I cleared one hurdle, with some help from SO and thought the next hurdle would be easier. What I really have is start and end dates in a data frame:
require(lubridate)
demo <- read.table(text = "
start end num
2010-12-31 <NA> 35
2013-04-01 <NA> 34
2015-06-02 <NA> 34
2015-06-15 2012-12-31 34
2015-01-30 2011-12-31 33
2014-04-15 2013-12-31 33
2014-05-28 2013-12-31 33
2014-06-02 <NA> 33
2015-06-17 <NA> 33
2015-06-25 <NA> 33
2015-06-24 <NA> 32
2013-07-31 <NA> 32
2013-08-31 <NA> 32
2015-04-27 <NA> 31
2015-05-07 <NA> 31
2013-12-30 <NA> 31
2014-11-21 <NA> 30
2013-12-20 2013-06-30 30
",header = TRUE, sep = "")
demo$start <- as.Date(demo$start, '%Y-%m-%d')

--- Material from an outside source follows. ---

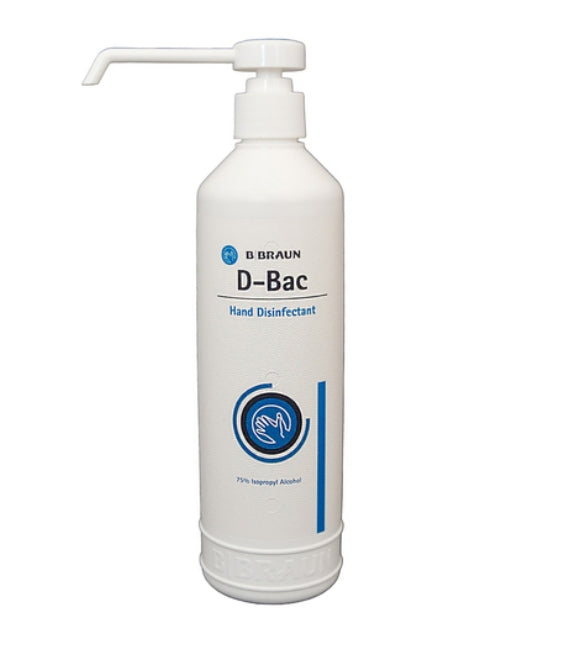 D-BAC ALC RUB 500ML WITH PUMP BBRAUN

demo$end <- as.Date(demo$end, '%Y-%m-%d')
I can get a table of start years, or a table of end years, with table(year(demo$end)) or table(year(demo$start)) which is a lovely start. But what I really want to know is something more like: for each year, how many entries that started have not yet ended? So count is.na() for each start year.
I thought I could use aggregate() for that, but this:
aggregate(is.na(end) ~ year(start), demo, FUN = length)
But that seems to be counting every observation, not just the observations for which the end date is.na()
You can use table with multiple arguments to give you 2-way or multi-way tables:
> with(demo, table( year=format(demo$start, "%Y"), Not.missing = !is.na(end) ) )
Not.missing
year FALSE TRUE
2010 1 0
2013 4 1
2014 2 2
2015 6 2
You could also use lubridate::year instead of hte format call.
If you need to find the number of NA values for each 'year', we can use sum as the is.na(end) is a logical vector. The length gives the total length of the vector per year instead of the length of the TRUE values
aggregate(cbind(end=is.na(end)) ~ cbind(year=year(start)), demo, FUN = sum)
# year end
#1 2010 1
#2 2013 4
#3 2014 2
#4 2015 6
Or we can use data.table. We convert the 'data.frame' to 'data.table' (setDT(demo)), grouped by the year of the 'start' column and using i as is.na(end) as row index, we get the .N or the number of elements for each group.
library(data.table)
setDT(demo)[is.na(end), list(end = .N) , list(year=year(start))]
# year end
#1: 2010 1
#2: 2013 4
#3: 2015 6
#4: 2014 2
Here is another option:
library(dplyr)
library(lubridate)
demo %>% subset(is.na(end)) %>% group_by(year(start)) %>% summarise(n=length(end))
#Source: local data frame [4 x 2]
#
# year(start) n
#1 2010 1
#2 2013 4
#3 2014 2
#4 2015 6
This is pretty straightforward. With your original data (demo), subset to only get the NA in your end column. Afterwards (and using year() from the lubridate package), group by each year, and get the summary of the number of NAs present in the end column. This will return a data.frame object.